Almost 20 years ago, before the internet was in wide use, I still recall the yelling and screaming coming from Winnipeg when an Arizona-bound Winnipeg Jets team traded Teemu Selanne to Anaheim for Chad Kilger nad Oleg Tvrdovsky.
Even given that in February, 1996, there was no hope of keeping the Jets in Winnipeg, fans were absolutely furious, feeling that the Phoenix owners had sold away the franchise player for a promising Russian defenseman who'd have to play like the second coming of Paul Coffey and possibly a 20-goal-scorer--and the trade was seen as one final stab in the back for Winnipeggers because Selanne was both embraced by Manitobans and embraced a prairie province that still isn't exactly seen as a prime destination for NHL'ers who like things like above-freezing weather between November and February.
Given that Selanne's #8 is being retired by the Anaheim Ducks on Sunday night, ESPN's Pierre LeBrun picked a helluva time to tell the definitive story of a move that most certainly helped make the Ducks, and a trade that set back a Coyotes team that chose to rid itself of both Selanne and Alexei Zhamnov before the team ever took to the ice in Arizona:
It all began in Jack Ferreira's office one Friday afternoon in early February 1996.
"I was sitting there with [then-Anaheim coach] Ron Wilson. We had both kind of heard rumblings about Winnipeg maybe moving Teemu Selanne," Ferreira recalled to ESPN.com this week. "So we were talking about our team, and then talking about Teemu, and I just said, 'The hell with it.'"
Ferreira, general manager at the time of what were called the Mighty Ducks of Anaheim, picked up the phone and called then-Winnipeg Jets GM John Paddock.
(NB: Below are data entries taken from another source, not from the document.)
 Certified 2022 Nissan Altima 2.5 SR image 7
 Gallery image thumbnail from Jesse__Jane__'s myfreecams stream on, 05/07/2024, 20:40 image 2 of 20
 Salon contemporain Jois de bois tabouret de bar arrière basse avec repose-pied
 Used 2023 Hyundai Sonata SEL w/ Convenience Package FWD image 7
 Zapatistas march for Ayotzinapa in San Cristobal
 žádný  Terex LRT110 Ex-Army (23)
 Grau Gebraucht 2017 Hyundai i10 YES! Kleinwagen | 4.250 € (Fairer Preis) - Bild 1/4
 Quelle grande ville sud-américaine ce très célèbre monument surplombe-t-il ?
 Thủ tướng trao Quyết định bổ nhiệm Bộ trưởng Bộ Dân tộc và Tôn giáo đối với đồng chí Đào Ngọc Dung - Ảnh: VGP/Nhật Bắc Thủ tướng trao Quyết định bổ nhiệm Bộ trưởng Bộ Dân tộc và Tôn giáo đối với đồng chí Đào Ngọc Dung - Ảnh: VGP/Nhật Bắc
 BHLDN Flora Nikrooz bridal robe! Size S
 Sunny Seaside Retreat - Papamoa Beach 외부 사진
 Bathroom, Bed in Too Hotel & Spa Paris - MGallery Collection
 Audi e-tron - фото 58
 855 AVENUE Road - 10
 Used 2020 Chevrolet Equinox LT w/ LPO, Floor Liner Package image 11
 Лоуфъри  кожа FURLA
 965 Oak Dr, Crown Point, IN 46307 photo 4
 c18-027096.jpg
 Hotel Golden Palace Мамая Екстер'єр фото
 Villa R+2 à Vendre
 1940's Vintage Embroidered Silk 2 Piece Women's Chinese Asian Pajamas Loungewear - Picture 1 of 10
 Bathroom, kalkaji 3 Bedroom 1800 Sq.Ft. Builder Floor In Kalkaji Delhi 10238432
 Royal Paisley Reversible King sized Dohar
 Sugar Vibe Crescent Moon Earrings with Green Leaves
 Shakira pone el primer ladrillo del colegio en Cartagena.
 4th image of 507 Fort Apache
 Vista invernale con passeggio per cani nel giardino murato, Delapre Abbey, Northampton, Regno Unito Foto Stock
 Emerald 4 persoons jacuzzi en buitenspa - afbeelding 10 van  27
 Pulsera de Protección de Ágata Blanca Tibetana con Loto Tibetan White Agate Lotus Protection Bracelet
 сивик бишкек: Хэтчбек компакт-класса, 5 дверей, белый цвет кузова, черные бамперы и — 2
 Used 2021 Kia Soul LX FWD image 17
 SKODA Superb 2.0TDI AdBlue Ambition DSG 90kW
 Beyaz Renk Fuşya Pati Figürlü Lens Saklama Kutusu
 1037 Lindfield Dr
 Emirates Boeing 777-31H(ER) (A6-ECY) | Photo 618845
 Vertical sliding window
"I got him at his house," Ferreira vividly recalled. "I asked him flat-out: 'I heard these rumors, are you looking to move Teemu?' And he said, 'Well, we might.' So right then I said to him: 'I'll give you Oleg Tverdovsky.' Because I had to throw something at him to get his attention. ... John didn't say yes, he didn't say no. But I had his attention."